If $a$, $b$, $c$ are rational and $a+b+c=0$, show that the roots of $(b+c-a)x^2 + (c+a-b)x + (a+b-c)=0$ are rational.

My Attempt:

Given, $$(b+c-a)x^2 + (c+a-b)x + (a+b-c)=0$$ Comparing above equation with $Ax^2+Bx+C=0$, we get: \begin{align} A&=b+c-a=-2a \\ B&=c+a-b=-2b \\ C&=a+b-c=-2c \end{align} Now, \begin{align} B^2-4AC &= (-2b)^2-4(-2a)(-2c) \\ &= 4b^2-16ac. \end{align}

Answer 1

\begin{align}4b^2-16ac &=4(b^2-4ac) \\&=4(b^2+4a(a+b))\\ &=4(b^2 +4ab+4a^2)\\ &=(2(b+2a))^2 \end{align}

Hence the roots are $$\frac{-B\pm2(b+2a)}{2A}$$

which is rational.

Note that if $A=0$, the equation is linear.

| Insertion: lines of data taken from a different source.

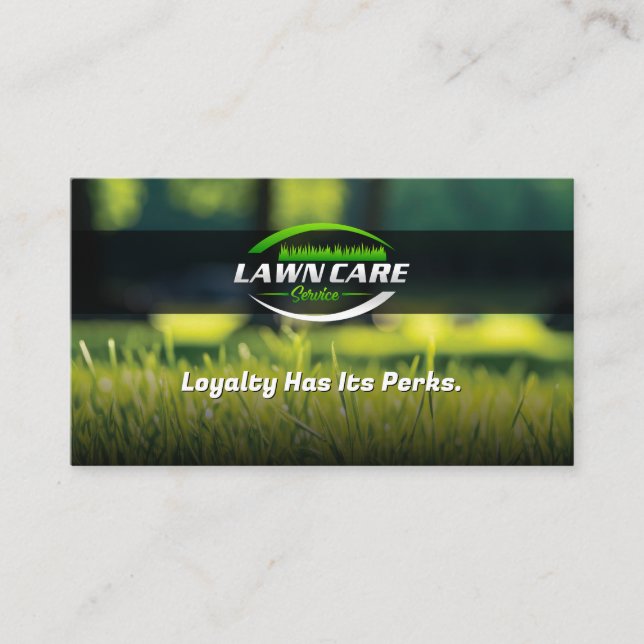Cartão De Visita Modern Lawn Care & Landscaping Loyalty Card (Frente)
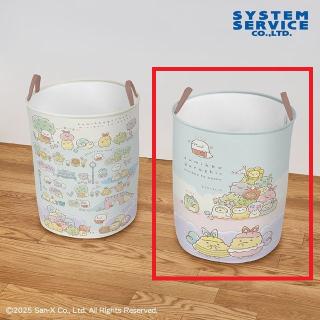 【すみっコぐらし】【Bかくれんぼ(アップ柄)】すみっコぐらし みにっコとあそぼ 筒型マルチバスケット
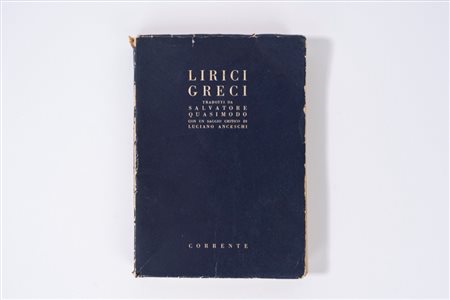 Quasimodo, Salvatore - Sui Lirici Greci, 1940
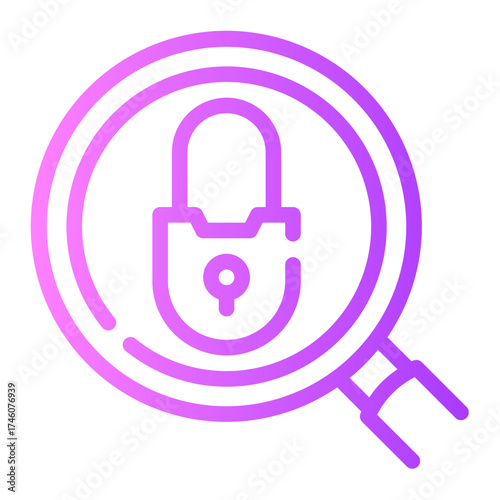 search gradient icon
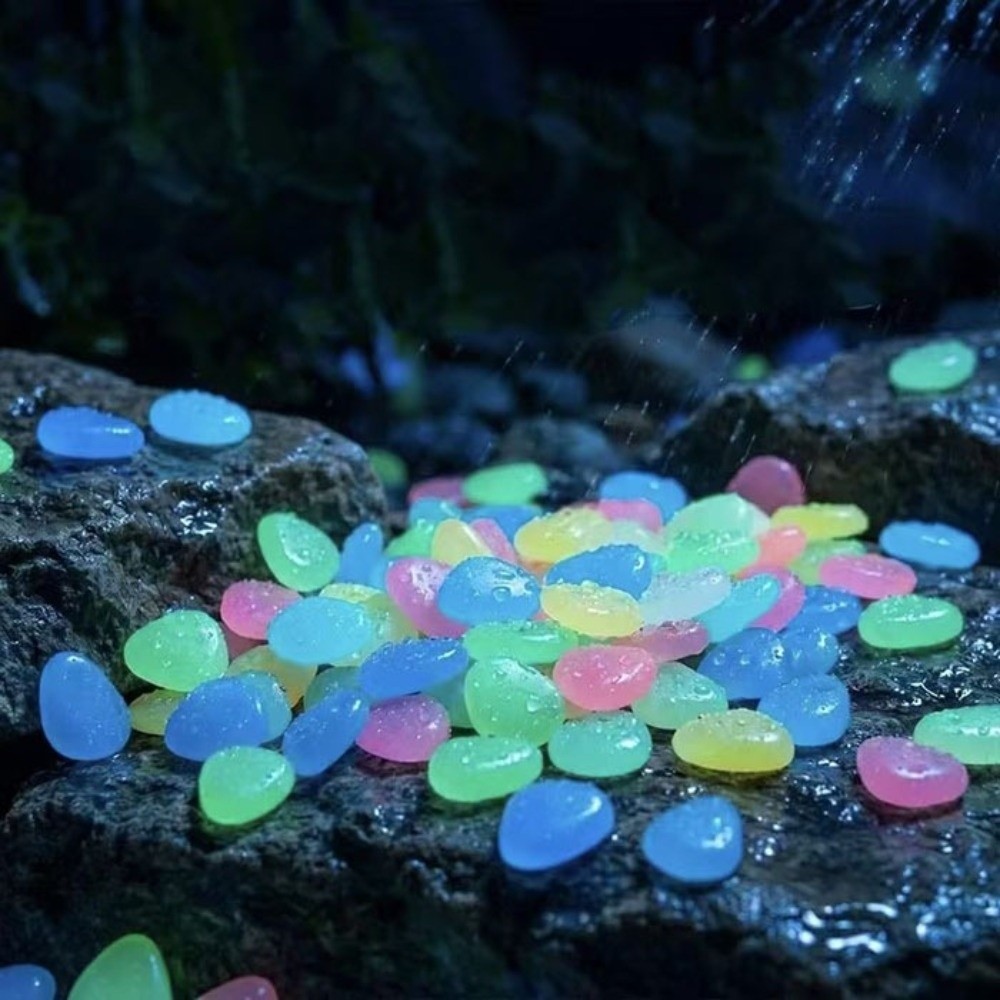 Leuchtende Gartensteine aus Ha – Aquarium Fish Glow In The Dark Bewertung und Preis
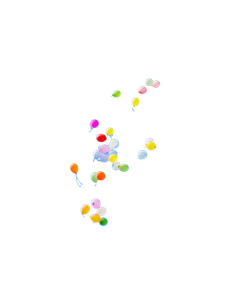 Distant Colorful Balloons Vinyl Car Decal Sticker – Waterproof & UV-Resistant 8.213333333333333"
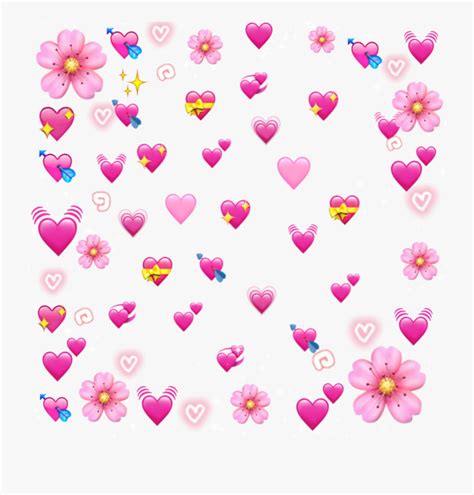 Pngtree has millions of free png, vectors and psd graphic resources for designers.| Transparent Pastel Heart Clipart - Heart Emoji Meme Png ...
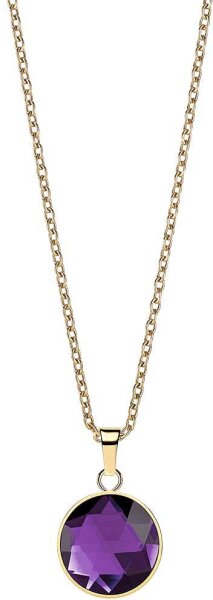 Collier en acier inoxydable avec pendentif rond - Bering Jewelry modèle: 436-2150-450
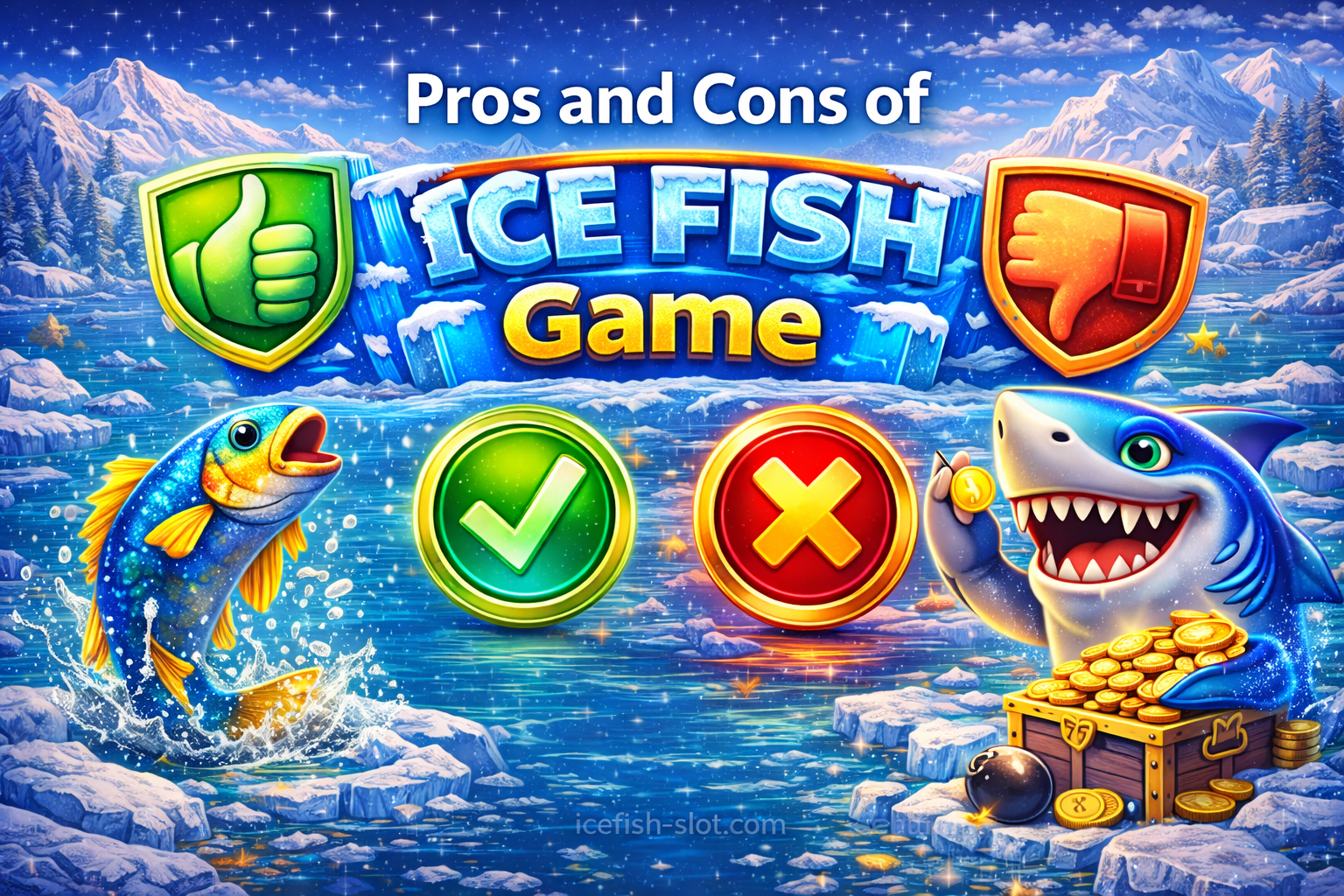 Pros and Cons of Ice Fish Game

Remark: something to think about, what happens if $a=b=c=0$, are all the roots still rational?

Answer 2

Multiplying by $-1/2$, the equation can be rewritten as $$ ax^2+bx+c=ax^2+bx-(a+b)=(x-1)(ax+a+b). $$

Answer 3

Observe that $x_1=1$ is a root. If $a=0$, it is the only root. Else, the product of the roots is

$$1.x_2=\frac {a+b-c}{b+c-a} $$ $$=\frac {c}{a}\in \Bbb Q $$